We were thrilled to host the third round of DevTalks this month. The idea behind DevTalks is to bring together software developers from the Helsinki area to listen to interesting speakers and to connect and learn from each other. We were delighted to see an almost full house with 140 software developers.

In previous DevTalks, we have focused on tackling Complexities in Software Development and dived into the world of Microservices and Advanced SQL. This time, we delved deeper into the realm of backend services, with talks on advanced HTTP headers, and microservices and serverless by our two amazing speakers: Andrew Betts and Sam Newman.

  • Andrew is a technical product manager at Fastly and served as a member of the W3C Technical Architecture Group (TAG) for two years.
  • Sam is an independent consultant, author, and speaker working mostly with the cloud and microservices.
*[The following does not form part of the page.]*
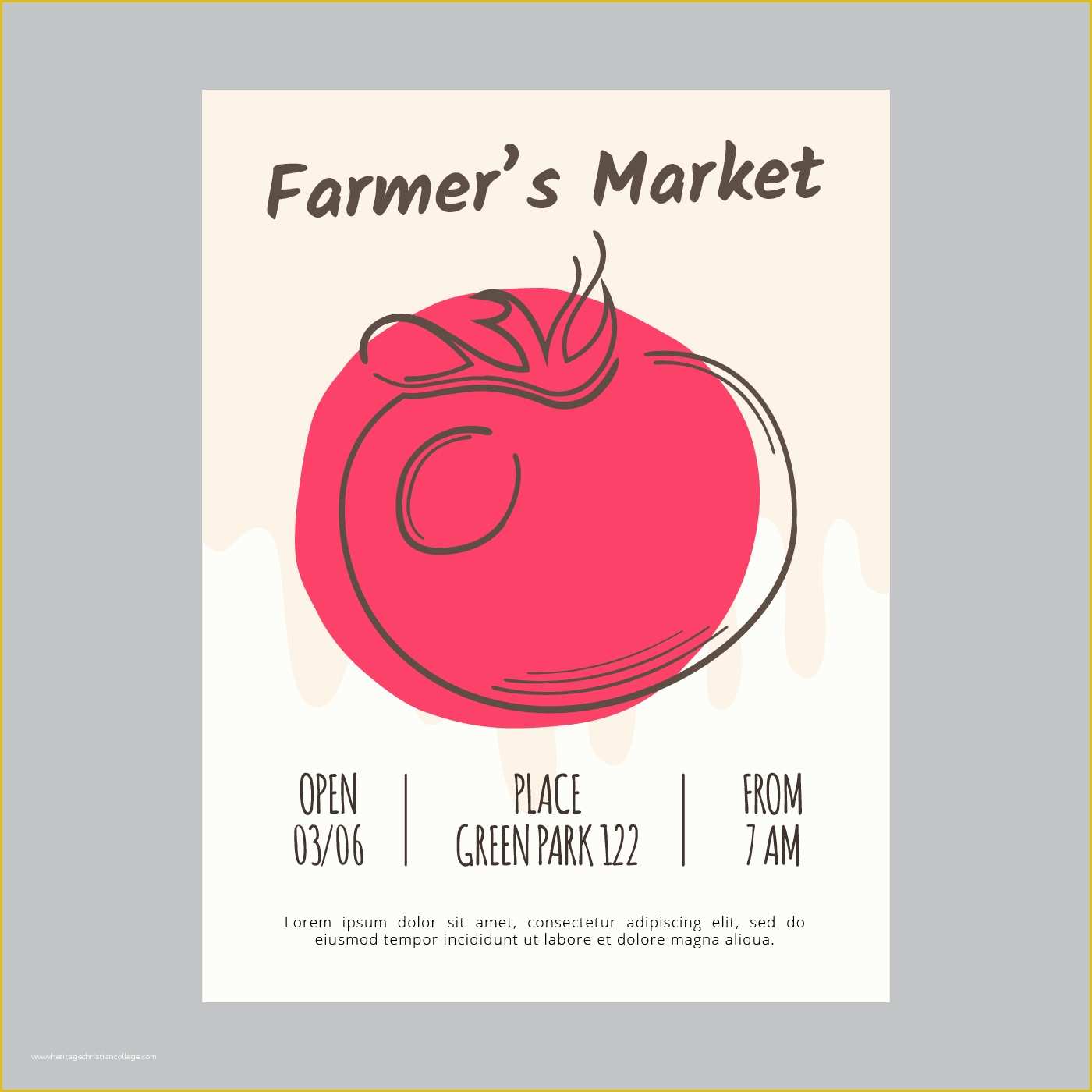 Farmers Market Flyer Template Free Of Farmers Market Flyer Template Download Free Vector Art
Our engineering team had a great half-day workshop with him before DevTalks.

We kicked it off with some dinner and drinks, and then we dove into the world of HTTP Headers.

Andrew Betts — HTTP Headers for Hackers

Working for a company that provides a Content-Delivery Network and being part of the committee that oversees web architecture have provided Andrew with a broader view of HTTP headers than most people.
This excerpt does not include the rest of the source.